Dataset ->
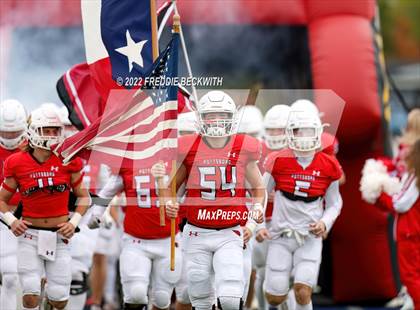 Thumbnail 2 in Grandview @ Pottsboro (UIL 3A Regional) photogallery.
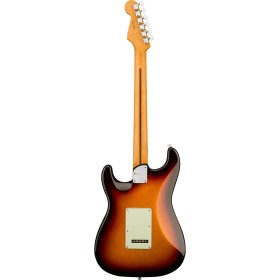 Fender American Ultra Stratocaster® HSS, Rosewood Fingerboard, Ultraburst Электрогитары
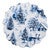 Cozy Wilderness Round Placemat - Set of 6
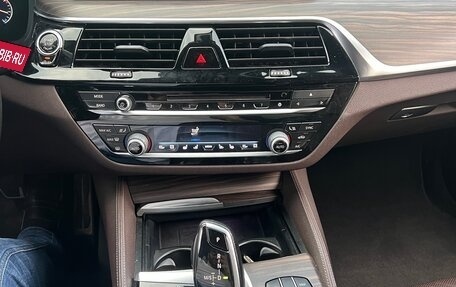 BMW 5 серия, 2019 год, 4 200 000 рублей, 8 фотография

--

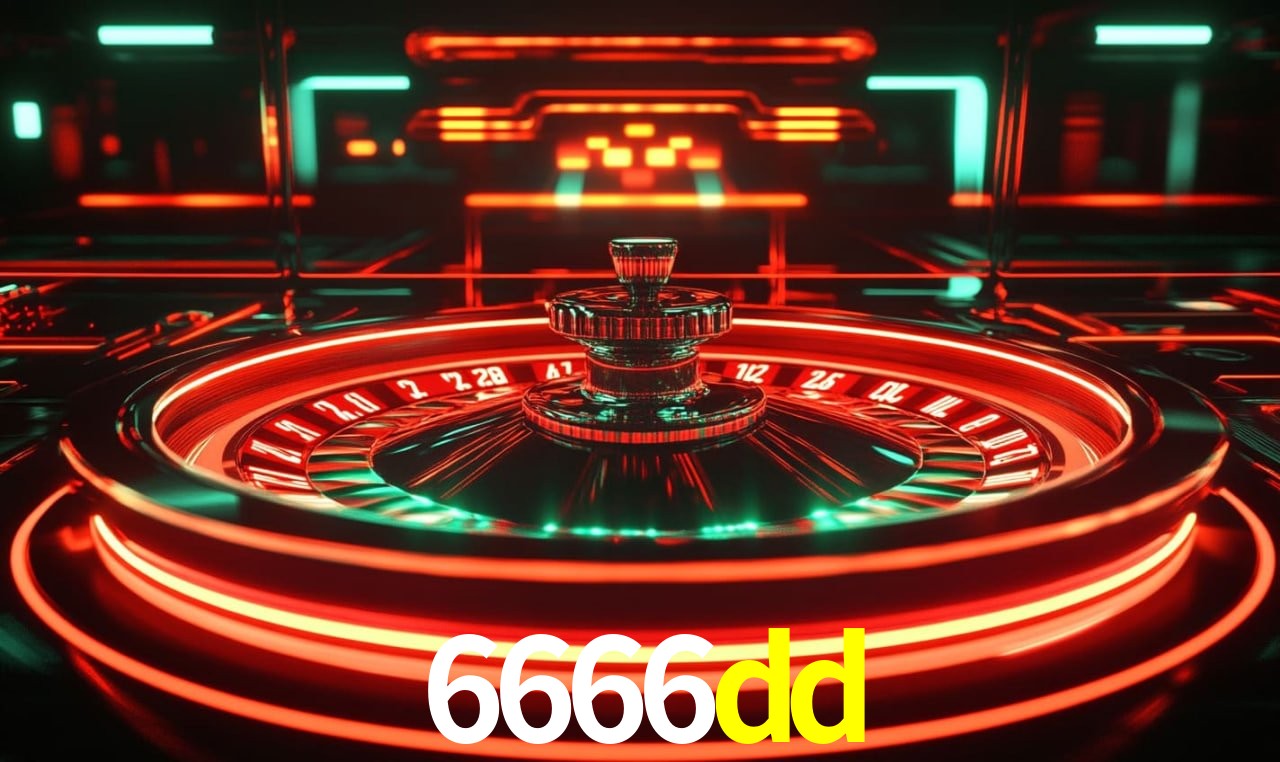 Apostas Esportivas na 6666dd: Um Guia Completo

---

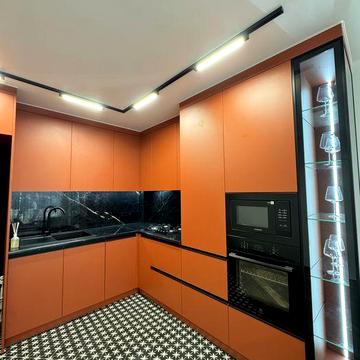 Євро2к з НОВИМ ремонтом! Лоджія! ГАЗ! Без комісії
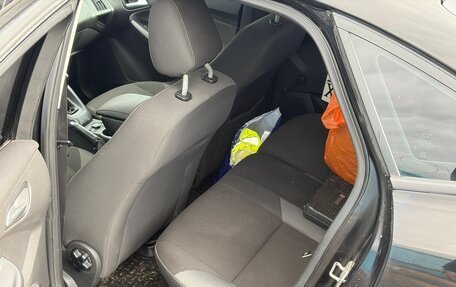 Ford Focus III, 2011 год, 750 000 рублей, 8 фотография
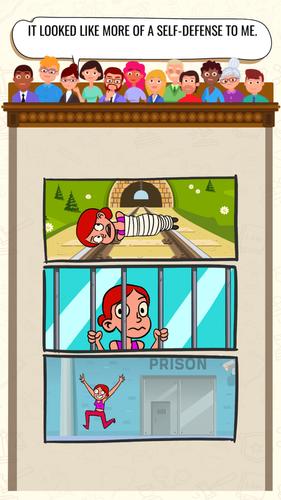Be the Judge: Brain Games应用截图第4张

What you are asked to do -> Only the lines starting at the one that includes "Євро2к з НОВИМ" and ending at the one that includes "Be the Judge: Brain Games应用截图第4张" should be retyped, exactly, from the records above; no pictures.

Solved problem ->
 Євро2к з НОВИМ ремонтом! Лоджія! ГАЗ! Без комісії
 Ford Focus III, 2011 год, 750 000 рублей, 8 фотография
Be the Judge: Brain Games应用截图第4张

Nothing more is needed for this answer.